Эльфийка сжала его руку. Она была теплой и мозолистой. Сильная рука, которая сделает для нее все. Вспомнила о том, как он восстал против Золотого. В этот миг он не мог ожидать ничего, кроме смерти. Он противопоставил свою любовь к ней верности небесным змеям и из-за нее стал отверженным. Пока что его еще терпели в Белом чертоге, однако все драконники видели, что он потерял татуировку, печать союза между ним и Золотым. А теперь, когда она просила помощи у драконников, она снова был рядом. Она прижалась к нему, позволив себе мгновение слабости. «Рядом с ним я готова бросить вызов целому миру», — подумала она.
Дверь открылась, и из комнаты в коридор вышла Ливианна. Волосы ее были строго зачесаны назад, и эльфийка казалась неприступнее, чем всегда.
— Теперь мы готовы выслушать тебя, — произнесла она, жестом, полным совершенства и элегантности, указывая на открытую дверь.
Нандалее еще раз сжала руку Гонвалона. Туда он с ней не пойдет. Она должна выдержать это одна. Однако, несмотря на то что ее требование — в ее собственных глазах — было неэгоистичным и исполнено благородных помыслов, эльфийка чувствовала себя так, словно представала перед трибуналом.
Ливианна закрыла за ней дверь и заняла место за красно-коричневым столом, где уже сидели другие наставники, которые должны были выслушать ее. Это были хрупкая Айлин, которую едва не убили тролли, когда она вместе с Гонвалоном пришла за ней, чтобы принять ее в ряды послушников, и бледный Дилан, выглядевший так, словно был соткан исключительно из света и тумана. Взгляд его глаз со своеобразной серебристой радужкой, казалось, пронизывает ее до глубины души.
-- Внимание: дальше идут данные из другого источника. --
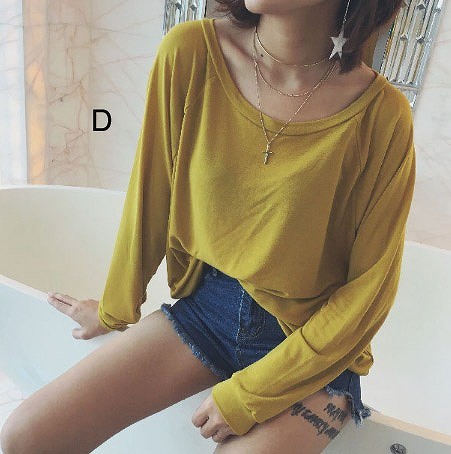 レディース　トップス　オフショルダー　カットソー　Tシャツ　長袖　無地　定番　シンプル　カジュアル　フリーサイズ　大人可愛い　フェミニン　オフィス　デート　お出かけ　デイリー　普段着　ブラック　グリーン　レッド　イエロー　送料無料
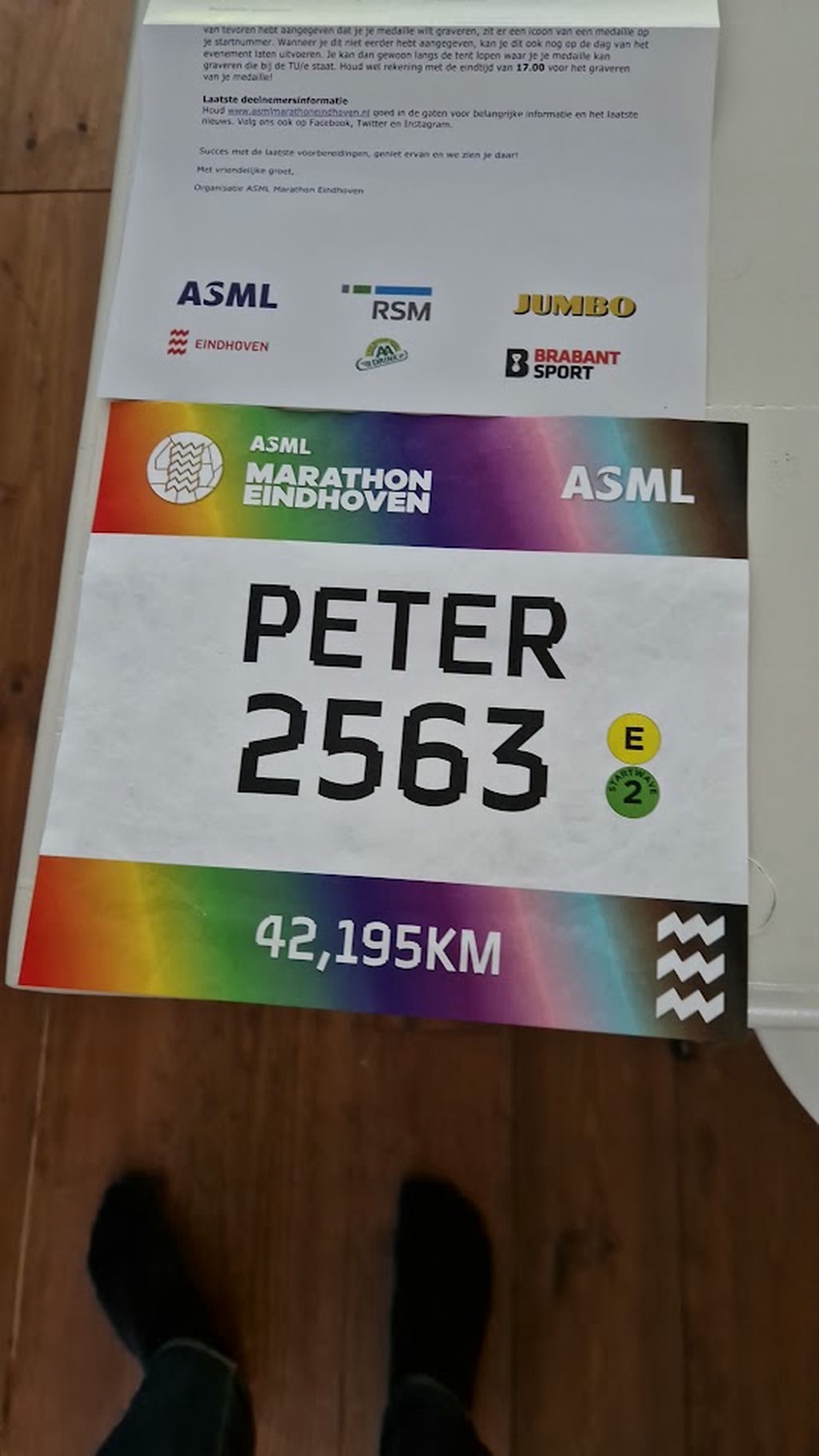 picture of the Eindhoven marathon bib picture of the Eindhoven marathon bib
— Нандалее, расскажи нам, чего ты хочешь, — торжественно начал разговор Дилан.
Нандалее рассказала о том, как обнаружила Дуадана пленником Глубокого города, избегая упоминать о том, при каких обстоятельствах попала туда. Она рассказала о своем детстве, о том, как Дуадан был ее наставником и защитником, о том, какой безжалостной была жизнь в ледяной пустыне Карандамона. Она хотела, чтобы наставники поняли, что клан мог выжить только благодаря тому, что каждый безо всяких условностей вступался за каждого. Эльфийка надеялась, что они поймут, что судьба каждого безраздельно связана с судьбой всех остальных. Рассказывала о долгих охотах, об угрозе со стороны троллей — а затем подошла к той части, говорить о которой было труднее всего. К своей вине.
Она рассказала о том, как выследила белого шестнадцатиконцового и шла за ним на протяжении нескольких дней. Как тролль сокрушил гордого зверя своей дубинкой, и как она выстрелила в святотатца. Вообще-то одна стрела не могла убить тролля. Особенно если стрелять через всю поляну. Но она попала ему в глаз. Он умер на месте. Она рассказала, как преследовали ее тролли, поскольку тот тролль, которого она убила, оказался старшим сыном короля. Когда она уже была близка к смерти и уничтожила все следы, которые могли свидетельствовать о том, к какому клану она принадлежала, пришли Гонвалон с Айлин и спасли ее.